TRY IT: Print only the lines below from the one with "Hotel Gayatri Palace" to the one with "Bak popnagels en", both included, exactly as they stand. Leave pictures out.

DATA TO USE:
________________
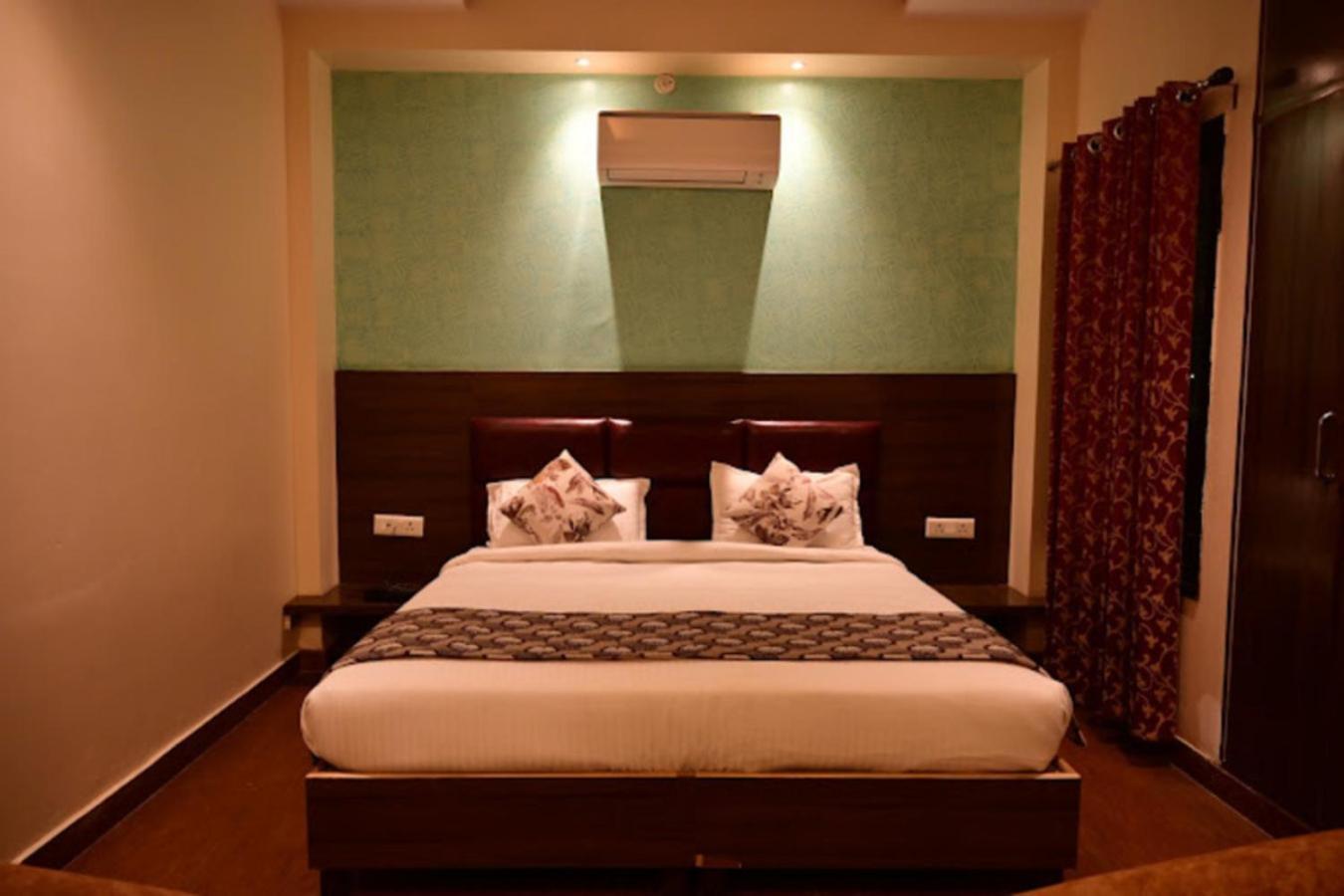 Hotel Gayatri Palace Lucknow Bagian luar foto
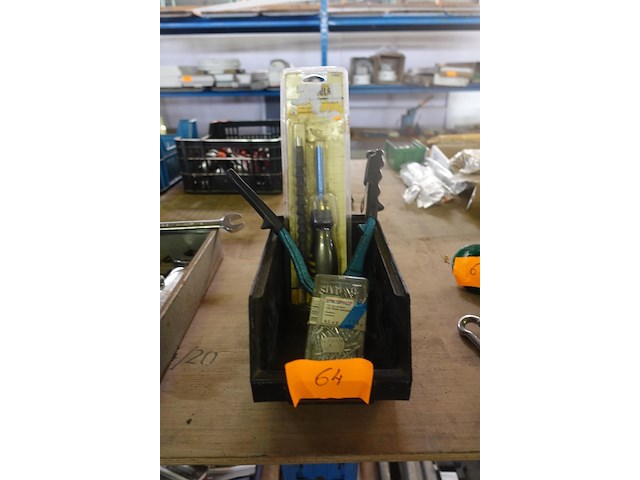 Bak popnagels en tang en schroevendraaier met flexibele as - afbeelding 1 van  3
________________
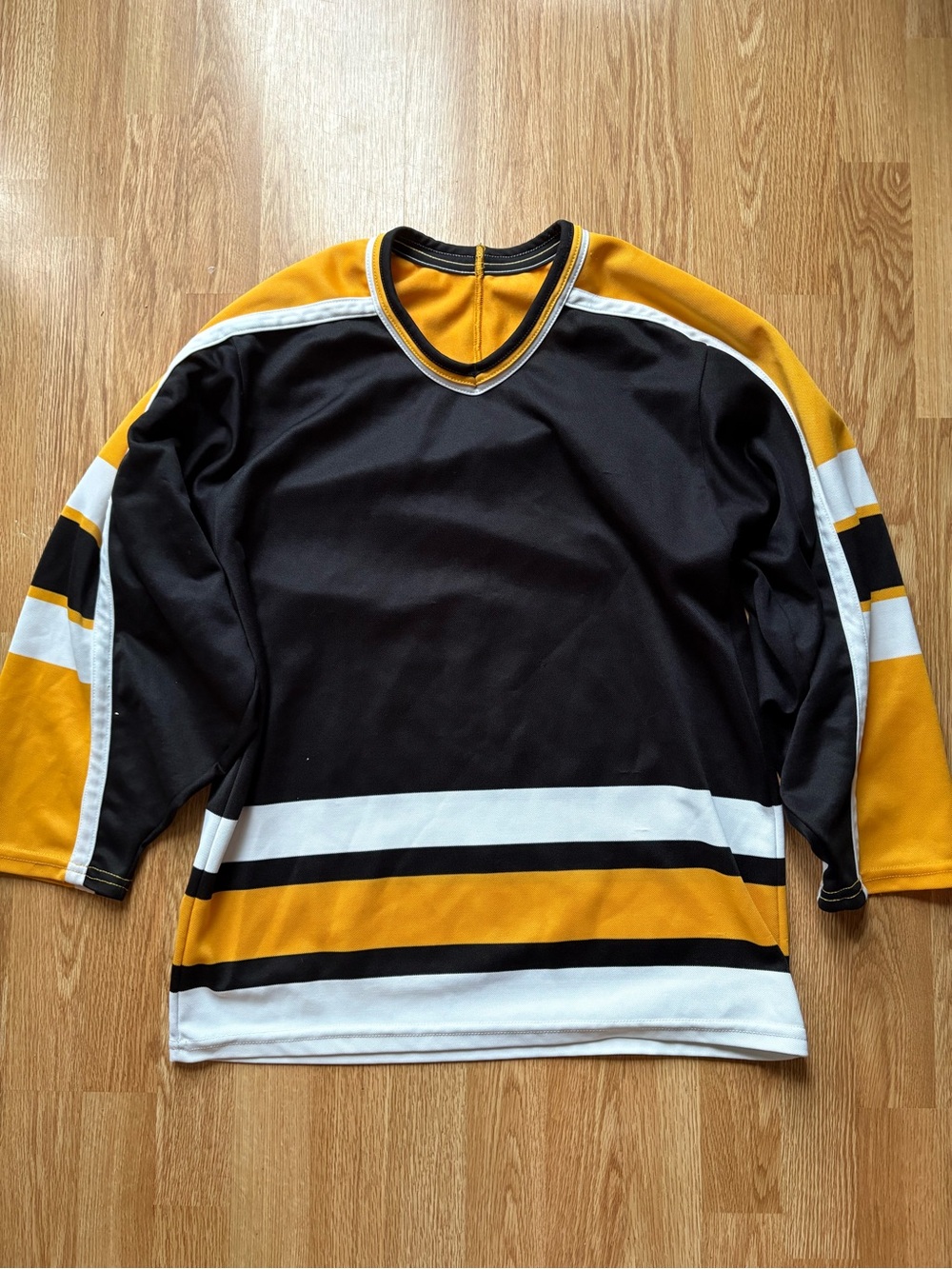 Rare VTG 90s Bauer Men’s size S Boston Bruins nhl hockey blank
________________
ANSWER BOX:
 Hotel Gayatri Palace Lucknow Bagian luar foto
 Bak popnagels en tang en schroevendraaier met flexibele as - afbeelding 1 van  3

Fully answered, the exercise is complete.